Growing pains or … Sometimes avoiding is a decision is the same as making one…

Friday, November 2nd, 2012

I recently spent an hour chatting to a very busy and successful businessman.  He is running a profitable and rapidly growing business.  It is a venture that he started and is very close to his heart.  Not only is it close to his heart but he is very much at the heart of it too.  This is something of a dilemma as the heart can only pump round so much blood and that limits the size of the body.  He is at that point where he needs to switch from being its heart to its head.  It is a very difficult transition.  In order to distance himself from the day-to-day activities he needs to install an infra structure of people and processes that will enable him to stay in touch but no longer be drowned in a detail.  This, as I told him, involves a certain amount of pain.  It is like going to a gym to loose weight.  There is the up front investment in membership and kit, then there is the pain you have to go through before you see any benefit.  It also costs in terms of your time and effort.

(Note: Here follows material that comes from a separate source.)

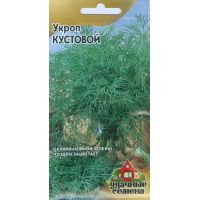 Семена Гавриш УКРОП Кустовой 3г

It is like that when you are running a small to medium sized business and want to take the next step.  You have to invest in people and systems perhaps before you really need them so that you have the capacity as well as the capability of handling the volume and complexity of taking the next step up without being swamped by it.  It is perfectly natural for a founder to want to be prudent and generate the income before committing to extra outgoings but this often leads to disaster as he becomes more and more overwhelmed trying to be everywhere and do everything.

I suggested a course of action to him and I believe that he saw the wisdom of taking it, but he didn’t commit to it then and there.  There is a second step in this dance and that is if you avoid making a positive decision that is often the same as deciding not to do it, as pretty soon you are once again in overwhelm and too busy to think about it.  It is reminiscent of General Custer who was ‘too busy’ to consider the advantages of the newly invented Gatling gun. Cartoonists later drew Custer, out-numbered 9 to 1 and already hit with several arrows, sending a Gatling gun salesman away because Custer was too busy reloading his single-shot pistol to listen to a sales pitch about a gun that would fire 200+ rounds a minute!

Sometimes putting off decisions can be very, very expensive… (not to say ‘arrowing!)